Однако где любовь, уважаемый?
– Наш «Сон в руку» рождался долго. Чехова, если Вы заметили, каждый режиссёр ставит по-своему. Создаётся общий рисунок спектакля – по сути – фантазии на тему реальности (ну скажите, какой мужчина из-за пустяка будет с кем-то стреляться?). Наш режиссёр (в данном случае Сергей Иванович Рудой) был для актёрского ансамбля организующим и объединяющим началом именно в главном понимании пьесы: это водевиль, то есть симбиоз жизни и юмора, любви и иронии. А если учесть, что сами мы, актеры, – эстетически приподнятые над землёй люди, впитывающие режиссуру на лету, то, скажу вам, «Сон» игрался без особой классовой сути и легко. Да, конечно, театр – вещь сиюминутная, а кино остаётся надолго. Жаров покорил сердца, но это совсем не значит, что Чехов его таким задумывал. Ведь писала же критика тех времен: «Замоскворецкий ухарь-купец …». Заметьте, купец, а не дворянин…
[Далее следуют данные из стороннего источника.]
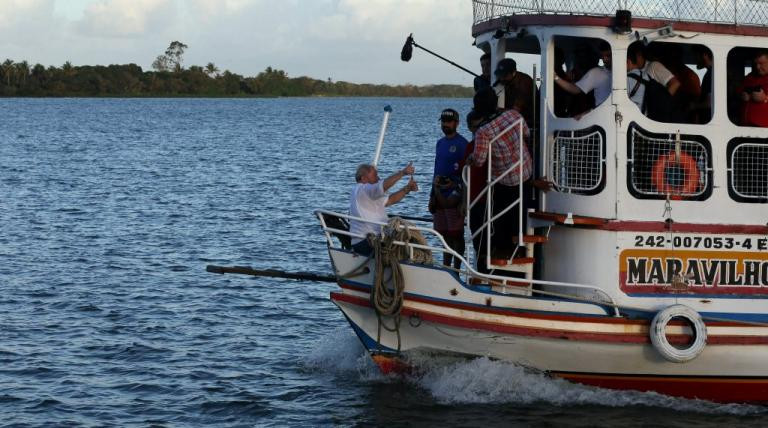 Βυθίστηκε πλοίο στην Βραζιλία – Τουλάχιστον 7 νεκροί και δεκάδες αγνοούμενοι (βίντεο)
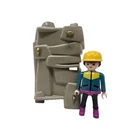 Playmobil 3842 Mountain Climber Mountaineer Playset 1995 Vintage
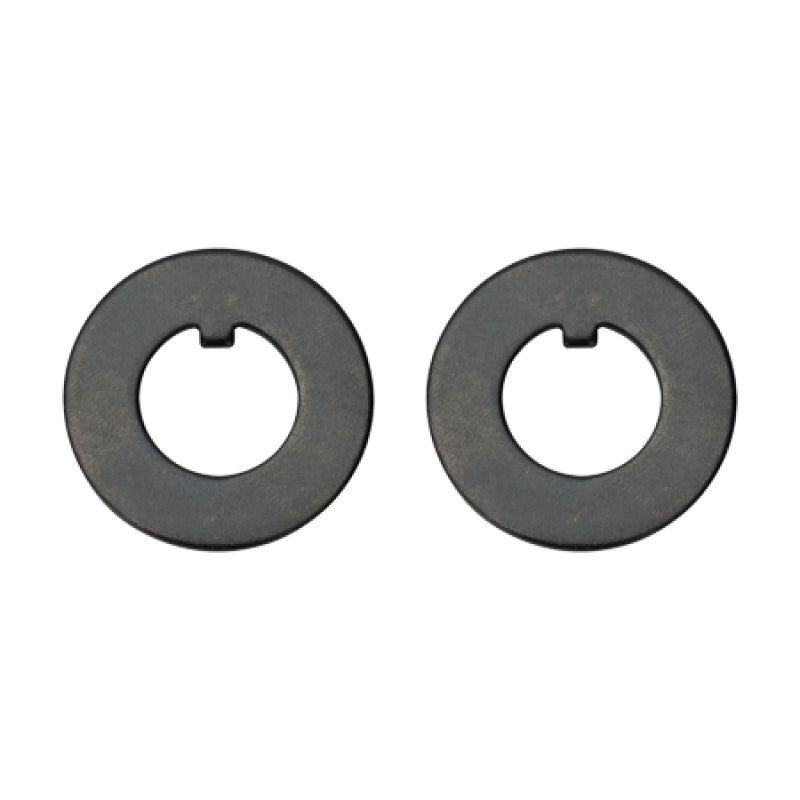 Wilwood Chevy Washer Kit 3/4 Spindle - Black Oxide (Pair)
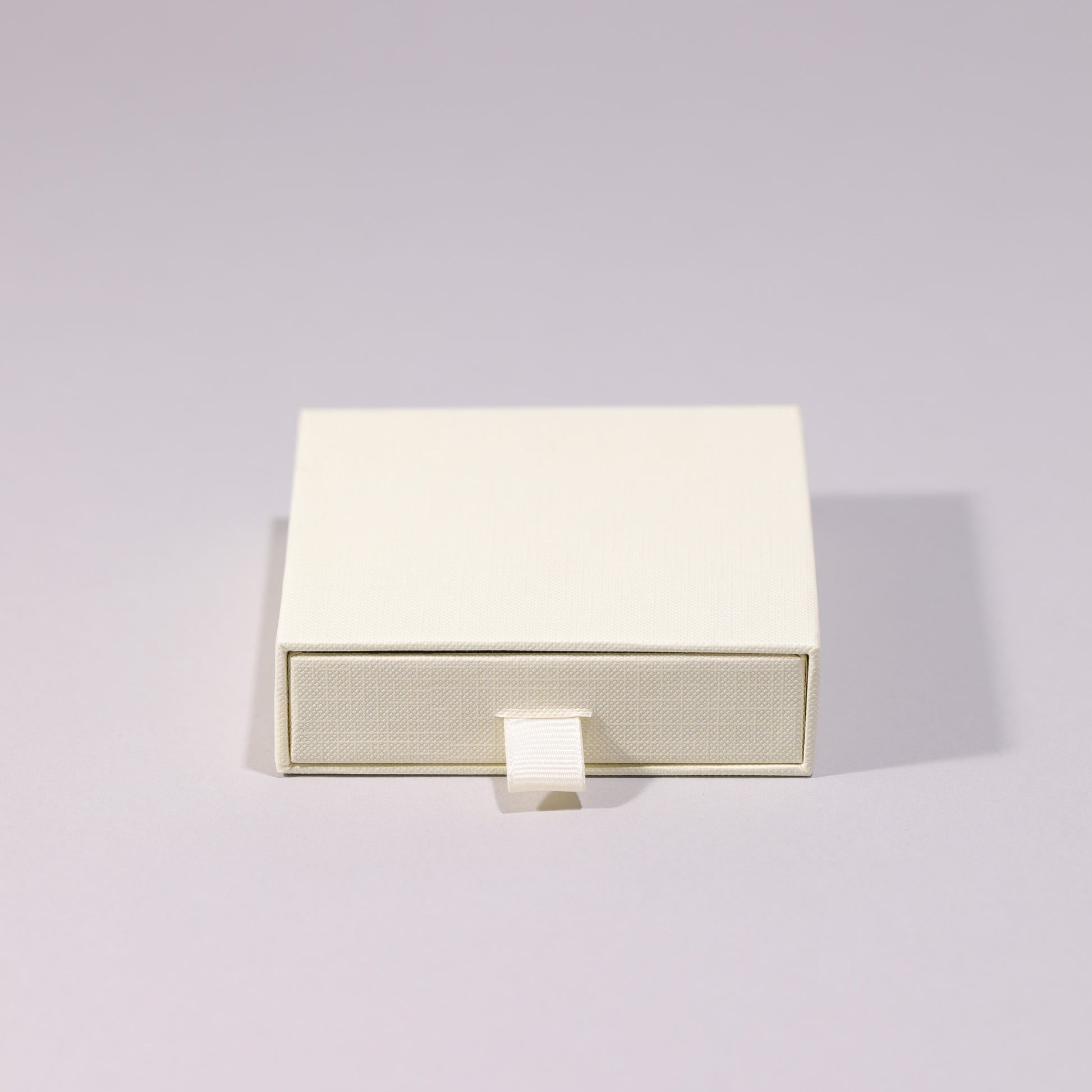 Jewerly Box With Suede Pouch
– И всё же – ещё раз про любовь.
– Если Вы так настойчиво спрашиваете о любви, если Вы моей влюблённости в героиню пьесы не почувствовали, стало быть, плохо сыграл.
– Ну, да. Старая жизнь одинокой барыньки взорвана и перевёрнута «хамом», «невеждой», «монстром проклятым», «медведем»! Под звон церковных колоколов пришла новая, счастливая – ход режиссера, поставившего кульминационную точку. А Вы-то, Вы почему так были скупы в выразительных средствах? Вы к ней всю пьесу равнодушны. Носитесь по сцене, временами истерите. Ваш общий подъём настроения формально убедителен и только.
– Как в жизни я выбираю возможность именно этого круга общения, дружу именно с этими, близкими мне по духу людьми, так и в роли я волен применять свои, индивидуальные сценические средства и умения. Значит, слишком тонок был мой рисунок влюблённости в героиню. Но он был. Я до сих пор, вспоминая какие-то сцены из спектакля, воспаряю. Меня захлёстывает такая волна романтики …Хоть, вроде, не романтик.
– Слушайте, Сергей Владимирович, если это так, то Вы по-настоящему счастливый человек!
– Это абсолютно очевидно. У меня замечательная, понимающая семья. У меня интересная работа. У меня – театр.